Sunday, July 26, 2015

Heat, Not Light, on Changing Supreme Court

      Wisconsin’s great progressive senator Robert M. LaFolette grew so frustrated with the conservative-dominated Supreme Court that he called in his 1924 presidential campaign for a constitutional amendment to allow Congress to override judicial decisions and to provide for direct election of federal judges. LaFollette’s proposals went no further than his bid for the White House, but 90 years later frustration with the high court is so great that the call for reining in the courts is heard again.
       The modern-day proposals were aired last week [July 22] in a Senate subcommittee hearing convened by the former Supreme Court law clerk, Ted Cruz, the Texas Republican senator running for president. Cruz opened the Senate Judiciary Oversight Subcommittee’s hearing with a 13-minute statement decrying what he called the court’s recent “descent into lawlessness.”
       Cruz listed the various proposals: term limits; retention elections; override authority for the states, Congress, or both. Republicans called two conservatives as witnesses: Ed Whelan, the National Review commentator and former Scalia law clerk; and John Eastman, former dean of Chapman Law School. Democrats added the liberal Duke law professor Neil Siegel as a witness.
       With that much intellectual firepower, the hearing was disappointing for anyone expecting serious discussion. Instead, the two-hour hearing consisted mostly of second-guessing the court’s recent decisions. Cruz and the conservative witnesses listed the court’s gay marriage and Obamacare decisions; the subcommittee’s ranking Democrat, Delaware’s Chris Coons, complained about Citizens United and Shelby County.
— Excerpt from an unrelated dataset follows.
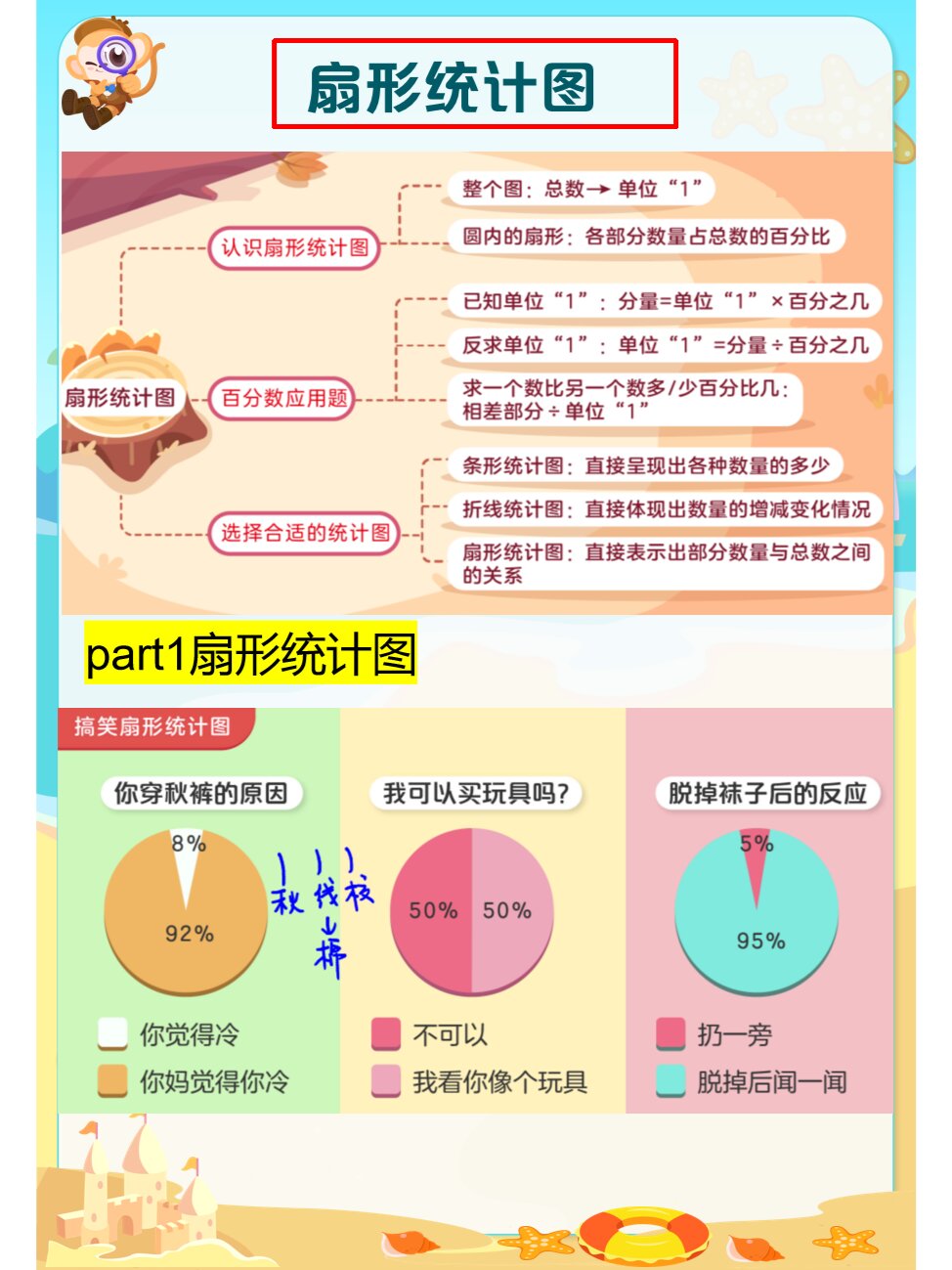 常见的6种统计图方法图片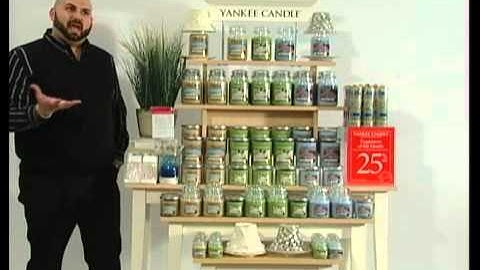 Visual Merchandising 101 Displays that sell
       Coons tried to tamp down the sense of crisis. “We should reflect long and hard,” he said, before a fundamental change in the constitutional framework for the judiciary. But there was precious little reflection in the hearing.
       Two twentieth-century constitutional amendments have fundamentally changed both Congress and the presidency. The Seventeenth gave us direct election of senators; the Twenty-Second limited the president to two terms. The Supreme Court has a larger role today than expected 225 years ago and, thus, perhaps needs some new checks on its power.
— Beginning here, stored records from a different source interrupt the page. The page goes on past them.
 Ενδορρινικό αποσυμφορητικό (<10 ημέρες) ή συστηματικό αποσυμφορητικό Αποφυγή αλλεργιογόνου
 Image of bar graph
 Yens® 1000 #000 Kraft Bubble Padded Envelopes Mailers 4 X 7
       Term limits, the least intrusive of the changes under discussion, has the widest support. An ideologically diverse group of academics has been pushing one version of the idea for years, on the theory that regular turnover would benefit the court, the public, and the political process.
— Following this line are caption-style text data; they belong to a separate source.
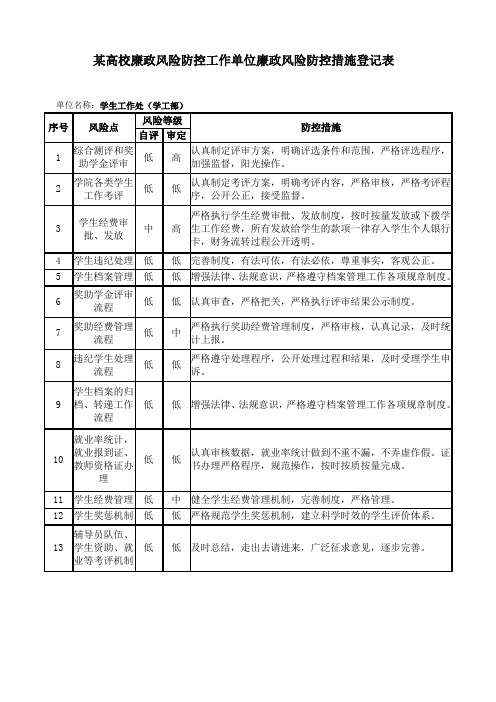 某高校廉政风险防控工作单位廉政风险防控措施登记表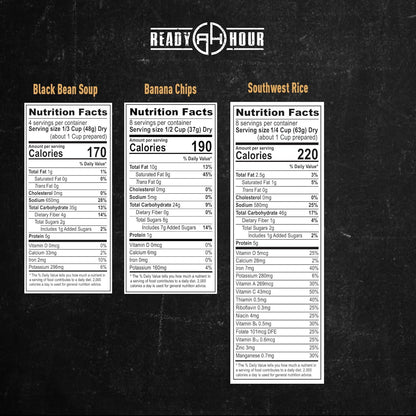 Ready Hour Gluten-Free Food Kit (120 Servings), Gluten-Free Survival Kit, Freeze-Dried Survival Food Storage, Emergency Preparedness, Prepper Supplies, 25-Year Shelf Life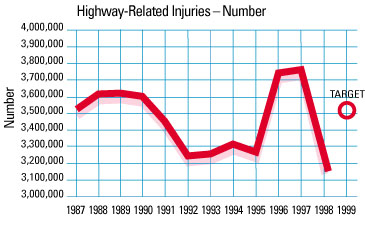 Chart: Highway-Related Injuries - Number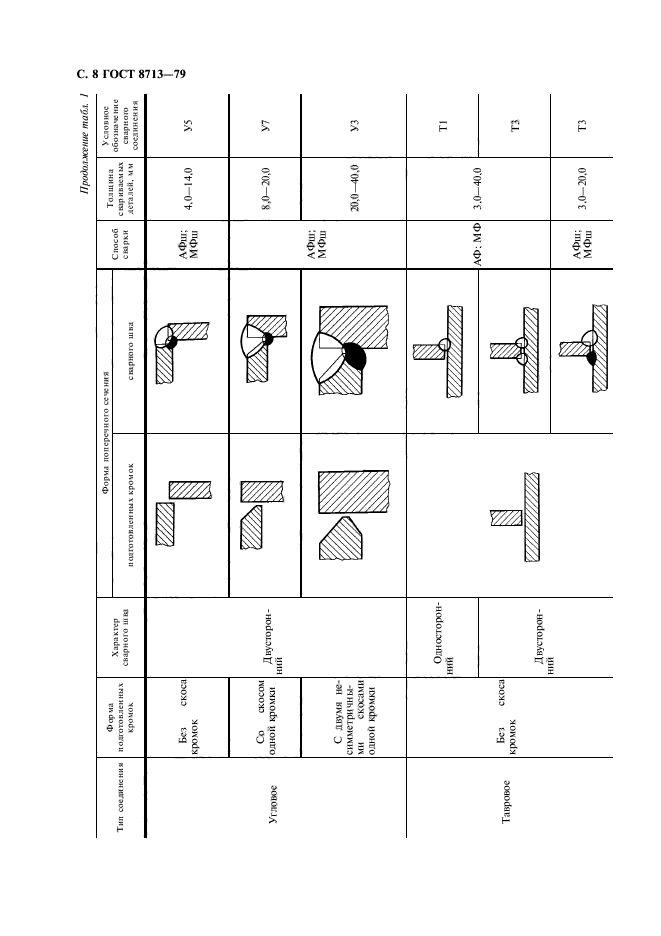 ГОСТ 8713-79,  10.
       At the hearing, Siegel was warm to the idea, Whelan uncertain, and Eastman opposed. Eastman said term limits would just mean one activist judge in place of another. The academics would provide 18-year terms of active service, followed by lifetime tenure as “senior justices.” Some think the change could be accomplished by statute; others say a constitutional amendment would be necessary.
       In his book The Case Against the Supreme Court, the liberal academic Erwin Chemerinsky, dean of the University of California-Irvine Law School, endorses the idea. He also includes one change not discussed at the hearing: some form of merit selection screening process for nominations to the court. He notes that the president could institute this change on his or her own.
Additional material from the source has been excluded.